Academic background
- Thesis: Aspects of gender and craft production in early Anglo-Saxon England with reference to the kingdom of Kent (2003)
- Doctoral advisor: Martin Welch

Academic work
- Discipline: Archaeology;
- Institutions: UCL; University of Durham;

= Susan Harrington =

British early-medieval archaeologist

Susan K Harrington is an early-medieval archaeologist and Honorary Senior Lecturer at University College London.

==Career==
From 2006 to 2009 she was the research assistant on the Leverhulme Trust funded project 'Beyond the Tribal Hidage: Anglo-Saxon kingdoms in southern England AD 400-750'. She subsequently was part of the research team on the 'People and place: the making of the Kingdom of Northumbria AD 300-800' project at the University of Durham, also funded by the Leverhulme Trust.

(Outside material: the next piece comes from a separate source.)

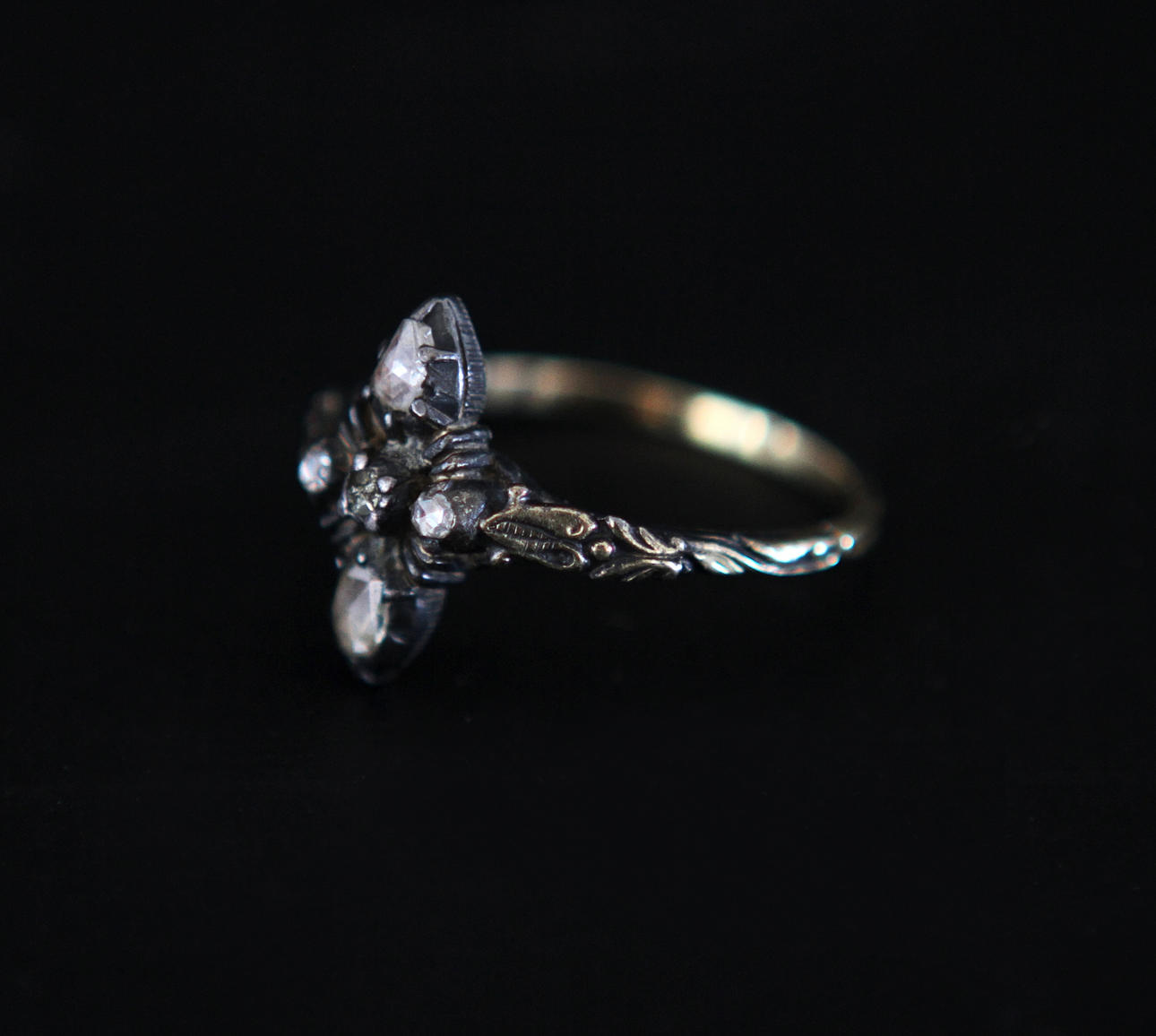 RING, 18k guld med 4st rosenstenar. 2,9 gram.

She was elected as a fellow of the Society of Antiquaries of London on 9 June 2011.

==Select publications==
- Brookes, S., Harrington, S., and Welch, M. 2005. "Documenting the dead: creating an online census of Anglo-Saxon burials from Kent", Archaeology International 9. 28-31
- Brookes, S. and Harrington, S. 2010. The kingdom and people of Kent : AD 400-1066 : their history and archaeology.
- Harrington, S. 2016. "From warp and weft to spear and spindle: Gender identity and textile manufacture in early Anglo-Saxon England", in Sophia E. Kelly and Traci Ardren (eds) Gendered Labor in Specialized Economies: Archaeological Perspectives on Female and Male Work. University Press of Colorado.